The latest and perhaps most shocking development pertains to a new memorial stone to be erected in Jedwabne. The old one named “the Nazis” as the criminals. The new one, solemnly approved by, among others, Polish Foreign Minister Wladyslaw Bartoszewski, omits any mention of Poles or of Jedwabne’s residents and holds Nazism solely responsible for Polish anti-Semitism.

No wonder Jewish public figures have denounced this egregious piece of hypocrisy. All Jewish organizations in Poland have refused to participate in any commemoration of Jedwabne’s massacre, including the one scheduled for July 10, its 60th anniversary, unless the inscription is altered--first, by making it crystal clear that nearly the whole Jewish community was murdered and, second, by removing the reference to Nazism as the source of the massacre.
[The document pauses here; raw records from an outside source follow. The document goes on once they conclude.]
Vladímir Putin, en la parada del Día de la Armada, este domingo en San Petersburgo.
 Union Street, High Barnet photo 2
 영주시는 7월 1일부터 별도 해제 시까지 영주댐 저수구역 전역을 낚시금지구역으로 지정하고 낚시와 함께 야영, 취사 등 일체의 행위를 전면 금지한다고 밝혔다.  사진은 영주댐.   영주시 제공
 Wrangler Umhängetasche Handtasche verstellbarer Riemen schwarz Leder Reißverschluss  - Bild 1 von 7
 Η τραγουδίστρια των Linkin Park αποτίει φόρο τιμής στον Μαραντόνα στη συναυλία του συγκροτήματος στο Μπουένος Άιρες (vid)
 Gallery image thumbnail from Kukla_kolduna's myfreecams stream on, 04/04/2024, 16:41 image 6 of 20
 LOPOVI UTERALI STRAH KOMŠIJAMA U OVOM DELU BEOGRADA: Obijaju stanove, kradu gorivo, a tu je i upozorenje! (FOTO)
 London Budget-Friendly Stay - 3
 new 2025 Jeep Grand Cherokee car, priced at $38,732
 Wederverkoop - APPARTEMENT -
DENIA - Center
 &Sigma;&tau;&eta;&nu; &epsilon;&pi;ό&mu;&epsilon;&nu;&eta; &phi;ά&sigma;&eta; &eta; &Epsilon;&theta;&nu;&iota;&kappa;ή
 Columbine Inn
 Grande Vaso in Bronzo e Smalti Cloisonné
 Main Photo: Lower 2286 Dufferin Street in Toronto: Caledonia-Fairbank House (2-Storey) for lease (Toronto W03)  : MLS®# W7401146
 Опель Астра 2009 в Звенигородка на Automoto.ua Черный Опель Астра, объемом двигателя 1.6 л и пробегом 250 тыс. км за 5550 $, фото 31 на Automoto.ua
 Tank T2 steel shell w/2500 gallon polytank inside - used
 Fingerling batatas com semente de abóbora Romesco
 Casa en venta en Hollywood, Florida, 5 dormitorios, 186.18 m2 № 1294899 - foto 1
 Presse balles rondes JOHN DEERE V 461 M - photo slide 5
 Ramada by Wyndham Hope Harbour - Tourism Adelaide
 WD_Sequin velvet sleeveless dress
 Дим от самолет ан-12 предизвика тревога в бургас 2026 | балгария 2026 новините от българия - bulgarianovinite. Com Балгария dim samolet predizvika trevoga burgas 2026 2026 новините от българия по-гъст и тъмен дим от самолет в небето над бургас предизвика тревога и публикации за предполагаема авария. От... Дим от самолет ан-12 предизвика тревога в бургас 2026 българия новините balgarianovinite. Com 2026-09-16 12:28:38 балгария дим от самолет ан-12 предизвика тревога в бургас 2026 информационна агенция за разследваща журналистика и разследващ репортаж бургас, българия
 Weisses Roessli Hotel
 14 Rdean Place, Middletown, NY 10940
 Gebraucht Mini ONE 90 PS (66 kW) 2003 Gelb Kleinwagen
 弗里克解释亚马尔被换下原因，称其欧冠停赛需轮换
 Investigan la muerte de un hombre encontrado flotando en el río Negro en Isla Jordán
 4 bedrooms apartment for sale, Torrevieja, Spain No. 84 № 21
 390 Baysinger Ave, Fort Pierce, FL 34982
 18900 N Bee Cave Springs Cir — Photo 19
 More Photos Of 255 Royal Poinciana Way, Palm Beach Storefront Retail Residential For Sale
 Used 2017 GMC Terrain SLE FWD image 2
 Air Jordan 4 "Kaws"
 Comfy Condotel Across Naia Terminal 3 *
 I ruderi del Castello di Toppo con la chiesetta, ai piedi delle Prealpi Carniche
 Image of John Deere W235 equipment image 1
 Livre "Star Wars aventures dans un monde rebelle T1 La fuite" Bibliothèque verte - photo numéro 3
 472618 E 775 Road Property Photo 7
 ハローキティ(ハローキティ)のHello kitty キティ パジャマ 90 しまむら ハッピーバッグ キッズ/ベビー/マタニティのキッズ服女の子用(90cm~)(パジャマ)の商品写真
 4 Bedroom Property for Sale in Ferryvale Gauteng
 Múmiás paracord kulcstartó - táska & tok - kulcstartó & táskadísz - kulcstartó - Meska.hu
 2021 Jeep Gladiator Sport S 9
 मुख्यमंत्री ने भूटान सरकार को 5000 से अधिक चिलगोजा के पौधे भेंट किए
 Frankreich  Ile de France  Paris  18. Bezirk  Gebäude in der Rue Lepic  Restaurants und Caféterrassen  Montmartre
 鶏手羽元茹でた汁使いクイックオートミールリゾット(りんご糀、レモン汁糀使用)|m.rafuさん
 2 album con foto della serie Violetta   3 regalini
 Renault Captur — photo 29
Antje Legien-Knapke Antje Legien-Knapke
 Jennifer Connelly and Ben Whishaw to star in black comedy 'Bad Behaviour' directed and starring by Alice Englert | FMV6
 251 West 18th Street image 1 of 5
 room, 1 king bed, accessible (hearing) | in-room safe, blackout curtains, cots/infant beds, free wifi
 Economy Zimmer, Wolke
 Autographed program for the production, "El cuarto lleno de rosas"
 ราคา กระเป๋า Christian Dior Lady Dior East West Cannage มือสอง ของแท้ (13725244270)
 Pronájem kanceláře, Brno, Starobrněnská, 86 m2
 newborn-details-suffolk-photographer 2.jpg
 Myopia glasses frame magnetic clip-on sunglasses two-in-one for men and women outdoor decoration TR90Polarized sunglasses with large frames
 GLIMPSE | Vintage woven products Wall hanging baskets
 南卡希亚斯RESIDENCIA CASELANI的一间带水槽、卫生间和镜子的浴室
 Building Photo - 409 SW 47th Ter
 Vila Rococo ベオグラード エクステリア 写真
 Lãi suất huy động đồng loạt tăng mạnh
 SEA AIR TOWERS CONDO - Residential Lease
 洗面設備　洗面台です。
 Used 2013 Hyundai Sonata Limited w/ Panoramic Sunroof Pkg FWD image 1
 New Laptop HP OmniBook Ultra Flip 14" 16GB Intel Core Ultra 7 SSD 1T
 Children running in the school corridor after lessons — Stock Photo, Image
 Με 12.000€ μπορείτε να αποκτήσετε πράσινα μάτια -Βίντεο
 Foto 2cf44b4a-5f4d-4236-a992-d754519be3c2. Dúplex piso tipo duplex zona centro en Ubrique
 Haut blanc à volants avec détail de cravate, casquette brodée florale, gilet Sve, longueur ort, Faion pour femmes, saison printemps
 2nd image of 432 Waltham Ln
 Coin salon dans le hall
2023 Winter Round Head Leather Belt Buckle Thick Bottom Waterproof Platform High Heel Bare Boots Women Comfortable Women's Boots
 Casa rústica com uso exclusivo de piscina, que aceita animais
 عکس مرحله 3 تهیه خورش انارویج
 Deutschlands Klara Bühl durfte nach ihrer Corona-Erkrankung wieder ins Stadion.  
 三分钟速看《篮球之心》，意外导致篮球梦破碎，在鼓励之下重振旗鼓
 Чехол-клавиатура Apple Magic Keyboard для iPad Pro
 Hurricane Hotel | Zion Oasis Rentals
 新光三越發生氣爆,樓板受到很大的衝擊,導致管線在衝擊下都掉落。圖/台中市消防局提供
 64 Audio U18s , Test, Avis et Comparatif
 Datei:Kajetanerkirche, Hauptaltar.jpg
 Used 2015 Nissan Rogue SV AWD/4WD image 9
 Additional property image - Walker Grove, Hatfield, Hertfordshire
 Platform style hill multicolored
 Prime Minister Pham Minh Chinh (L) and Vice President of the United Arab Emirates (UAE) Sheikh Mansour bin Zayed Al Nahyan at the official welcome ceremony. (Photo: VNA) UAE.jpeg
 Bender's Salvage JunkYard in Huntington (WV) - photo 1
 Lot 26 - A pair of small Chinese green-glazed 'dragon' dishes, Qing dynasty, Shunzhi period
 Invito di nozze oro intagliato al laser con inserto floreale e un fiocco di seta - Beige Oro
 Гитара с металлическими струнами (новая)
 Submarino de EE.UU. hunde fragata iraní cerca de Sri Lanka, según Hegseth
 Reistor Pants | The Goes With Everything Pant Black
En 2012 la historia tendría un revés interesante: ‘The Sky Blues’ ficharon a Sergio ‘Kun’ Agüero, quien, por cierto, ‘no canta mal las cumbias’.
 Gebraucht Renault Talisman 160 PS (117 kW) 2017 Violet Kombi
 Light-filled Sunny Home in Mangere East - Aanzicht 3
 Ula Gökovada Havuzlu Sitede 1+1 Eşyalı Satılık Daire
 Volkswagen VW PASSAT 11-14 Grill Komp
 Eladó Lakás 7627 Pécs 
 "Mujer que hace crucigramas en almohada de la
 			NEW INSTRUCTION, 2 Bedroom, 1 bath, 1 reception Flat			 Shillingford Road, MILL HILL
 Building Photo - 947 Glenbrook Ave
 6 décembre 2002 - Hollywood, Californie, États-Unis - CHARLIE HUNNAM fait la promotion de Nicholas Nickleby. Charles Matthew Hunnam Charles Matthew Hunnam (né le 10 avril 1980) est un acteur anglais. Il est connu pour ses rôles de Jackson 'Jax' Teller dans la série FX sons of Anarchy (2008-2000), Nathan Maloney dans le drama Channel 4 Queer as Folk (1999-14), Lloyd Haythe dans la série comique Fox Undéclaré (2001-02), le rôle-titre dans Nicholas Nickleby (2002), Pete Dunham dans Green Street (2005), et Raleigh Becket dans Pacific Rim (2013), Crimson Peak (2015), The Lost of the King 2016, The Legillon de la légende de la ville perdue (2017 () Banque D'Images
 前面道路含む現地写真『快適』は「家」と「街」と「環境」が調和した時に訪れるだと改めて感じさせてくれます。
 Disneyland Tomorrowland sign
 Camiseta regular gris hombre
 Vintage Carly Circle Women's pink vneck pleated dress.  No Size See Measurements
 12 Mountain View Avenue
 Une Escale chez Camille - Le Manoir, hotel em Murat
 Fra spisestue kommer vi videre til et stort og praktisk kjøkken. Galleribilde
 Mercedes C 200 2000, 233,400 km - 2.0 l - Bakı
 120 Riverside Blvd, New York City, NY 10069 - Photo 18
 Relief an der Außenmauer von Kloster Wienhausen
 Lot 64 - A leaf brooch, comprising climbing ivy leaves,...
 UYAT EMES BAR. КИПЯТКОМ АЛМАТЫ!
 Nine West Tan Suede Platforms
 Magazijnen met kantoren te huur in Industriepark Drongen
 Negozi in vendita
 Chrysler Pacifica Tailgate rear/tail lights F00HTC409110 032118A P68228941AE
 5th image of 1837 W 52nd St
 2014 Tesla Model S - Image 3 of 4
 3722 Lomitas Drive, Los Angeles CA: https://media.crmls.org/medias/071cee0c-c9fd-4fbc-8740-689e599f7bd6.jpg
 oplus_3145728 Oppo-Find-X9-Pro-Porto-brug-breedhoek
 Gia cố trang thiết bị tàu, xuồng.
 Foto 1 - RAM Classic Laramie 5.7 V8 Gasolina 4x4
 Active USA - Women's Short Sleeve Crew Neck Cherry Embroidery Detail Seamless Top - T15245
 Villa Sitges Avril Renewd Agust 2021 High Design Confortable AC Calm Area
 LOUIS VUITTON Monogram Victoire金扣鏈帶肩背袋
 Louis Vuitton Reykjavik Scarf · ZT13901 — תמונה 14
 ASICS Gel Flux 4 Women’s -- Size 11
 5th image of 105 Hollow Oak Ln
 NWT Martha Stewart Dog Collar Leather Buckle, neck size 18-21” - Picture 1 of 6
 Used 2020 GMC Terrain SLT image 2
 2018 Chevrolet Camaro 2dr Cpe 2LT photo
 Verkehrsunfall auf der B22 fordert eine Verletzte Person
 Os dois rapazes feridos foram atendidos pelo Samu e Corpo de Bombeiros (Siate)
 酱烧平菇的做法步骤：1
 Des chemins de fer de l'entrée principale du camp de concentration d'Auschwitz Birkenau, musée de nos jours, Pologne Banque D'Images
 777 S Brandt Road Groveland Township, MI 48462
The inscription may yet be altered. But the fact that the Polish authorities could engage in so shameful a deception remains one more stain on the country’s record.

A final word: Just as the Jedwabne massacre stirred the conscience of many Poles, so has this latest duplicity. A well-known priest, Father Stanislaw Musial, condemned Glemp’s “deal” as a revolting “trading in moral values.” Further, he spoke sharply about the church’s failure to acknowledge the extent of its complicity in anti-Semitic propaganda before, during and after the war. He demanded an end to “anti-Jewish catechisms in our schools, and kiosks selling anti-Semitic literature on church premises.”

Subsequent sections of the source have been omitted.